The Wall Street reform law that passed in 2010 includes a requirement that companies disclose the ratio of CEO pay to median pay. This law is still obstructed from enforcement. Meanwhile voters in Switzerland are considering placing a 12:1 cap on CEO pay — an idea that is spreading across Europe.
The 2010 ‘Dodd–Frank Wall Street Reform and Consumer Protection Act’ includes a rule that publicly traded companies must report their “pay ratio” — the ratio of CEO compensation to median worker compensation in that company. The idea is that this lets investors and the public know whether and the extent to which a company is being looted from the top.
This law passed in 2010 but still is not in effect. Under this law all that companies have to do is disclose the ratio. But we can’t even get this law — yes it is the law — to take effect. Conservatives go absolutely batcrap crazy about “illegals” — undocumented immigrants — because “they broke the law,” but when it comes to laws that might have even the smallest of small effects on Wall Street and the 1%, not so much.
After all these years the Securities and Exchange Commission (SEC) finally proposed just this September some specific rules for enforcement. (The two Republicans on the commission voted to block implementation of this rule so companies could continue to violate this new law and keep their pay ratio secret.) Of course, the proposed rules are weaker than the law intends — the proposed rules allow companies to use “sampling” and “estimates” that they come up with instead of actually compiling all of the data as required by the law. But at least the SEC has finally, years later, gotten far enough through the obstruction to propose rules to eventually, maybe enforce this law.

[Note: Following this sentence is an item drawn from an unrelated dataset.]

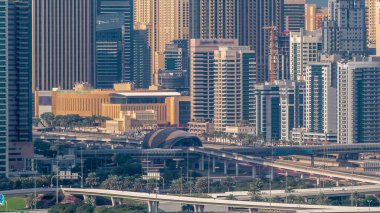 Dubai Marina ve golf sahası sabah timelapse, Dubai, Birleşik Arap Emirlikleri yakın crossroad ve metro istasyonu. Greens bölgesinden havadan görünüm. Yeşil çim ve trafik bir karayolu üzerinde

The deadline for submitting comments to the SEC is December 2, 2013. To add your comment read this 162-page PDF and then:
- Use the SEC’s Internet comment form for on S7-07-13 Pay Ratio Disclosure;
- Send an email to email@example.com. Include File Number S7–07–13 on the subject line; or
- Use the Federal Rulemaking ePortal (http://www.regulations.gov).
In Switzerland last March voters approved limits to reign in executive compensation, giving shareholders a say and prohibiting bonuses to executives for joining or leaving a company, or when their companies are taken over. Executives who violate this could be fined six years of pay and jailed for three years. (That’s called “a law with teeth.”) The measure received 68% of the vote.
Now Swiss voters are taking the idea of limiting CEO pay a step further, and are considering changing their country’s constitution to limit a company from paying the top more than 12 times what its lowest-paid worker is paid. Peter Gumbel at Reuters explains who is for it and who is against it, in Swiss outrage over executive pay sparks a movement in Europe,
A month ago, public opinion for and against the initiative was split at about 44 percent. Swiss business launched a public relations campaign, warning that the measure would spark an exodus of corporations. Employers’ associations commissioned studies that predicted lost jobs and higher taxes if the measure is passed. The latest polls this week suggest that the measure is unlikely to be approved, with just over 50 percent opposing it.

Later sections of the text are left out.